The bomb in central Erbil, capital of Kurdistan, went off near the Kurdish government's interior ministry, a Reuters reporter at the scene said.

Television images showed Kurdish soldiers and police pulling wounded people from the rubble of a collapsed building.

The explosion at around 8 a.m. left a massive crater in the road, damaged vehicles, blew out windows and caused partial damage to some other buildings.

"I was near the site of the explosion. I saw fire coming out from the blast area.
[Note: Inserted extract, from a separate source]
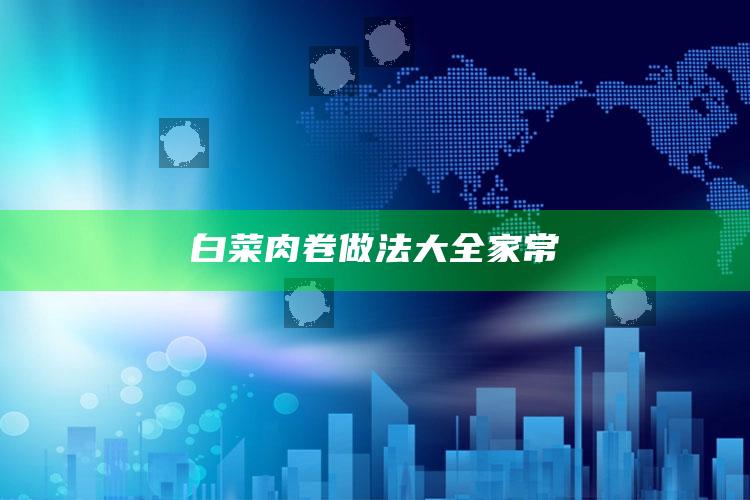 白菜肉卷做法大全家常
A man was burned to death," one witness said.

Bomb attacks are extremely rare in Iraq's autonomous oil-rich Kurdistan region, unlike the rest of the country which is engulfed by violence.

The attack comes at a time of political tension for ethnic Kurds, who are part of Shi'ite Prime Minister Nuri al-Maliki's national government and staunch allies of the United States.
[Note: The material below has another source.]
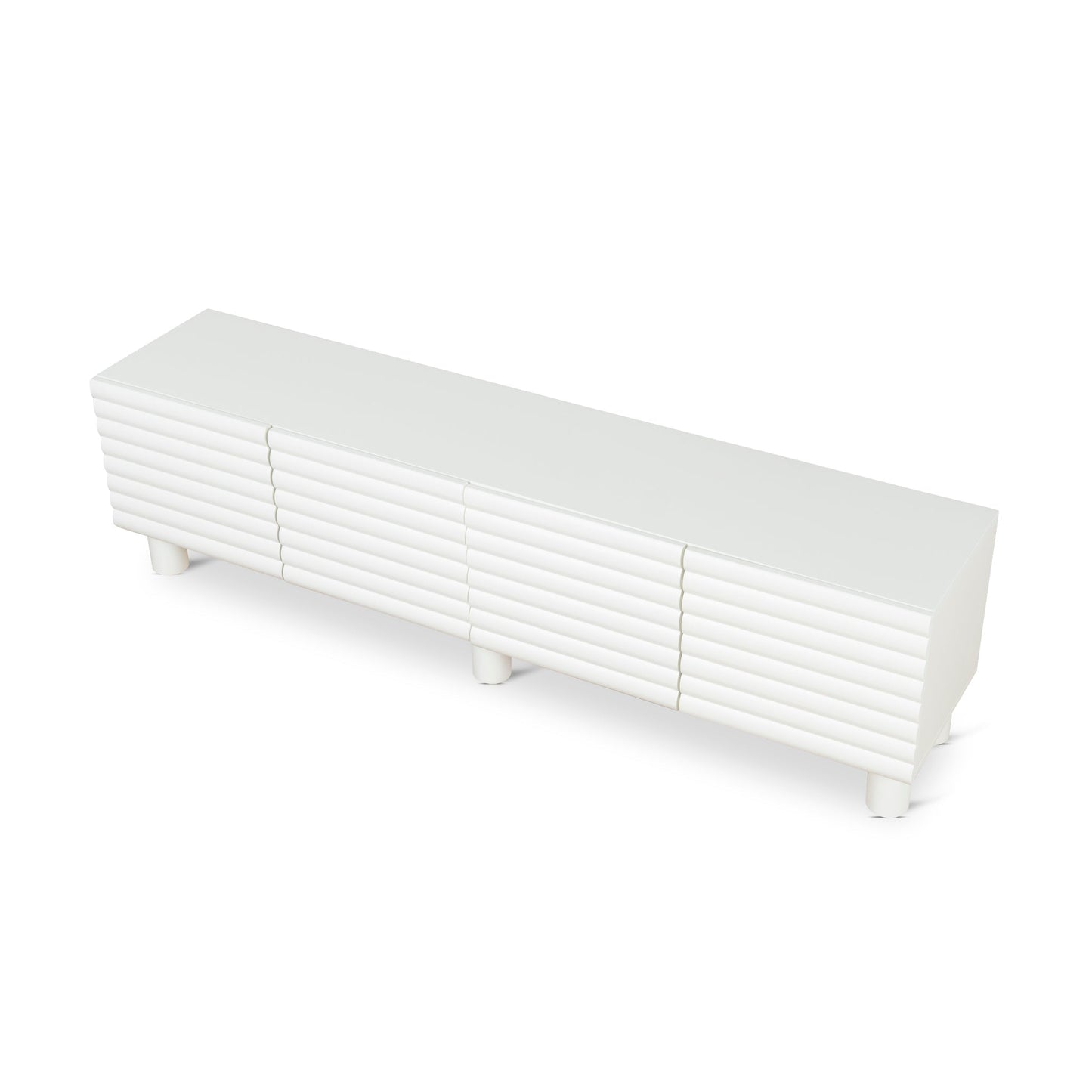 2m TV Entertainment Unit - White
Some Kurdish politicians have expressed deep reservations over a landmark oil draft law that would distribute Iraq's vast oil wealth among the country's warring sects and groups.

Kurds are also pushing to hold a referendum on the final status of Kirkuk, an oil-producing city outside Kurdistan that is also claimed by Arabs.


Sunni Arabs, who were dominant under Saddam Hussein and now are the backbone of an insurgency fighting U.S. troops and the government in Baghdad, view Kurdish nationalism with mistrust.

A suicide bomber killed more than 60 people at the Kurdistan Democratic Party office in Erbil in May 2005 in an attack that was claimed by a militant Sunni Arab group.

That was the last bomb attack in the Kurdish region that residents can recall.

Just last month, officials said the Kurdistan regional government and a Dubai firm would build a $400 million "media city" in Erbil in the hope of luring international media groups to the more stable north.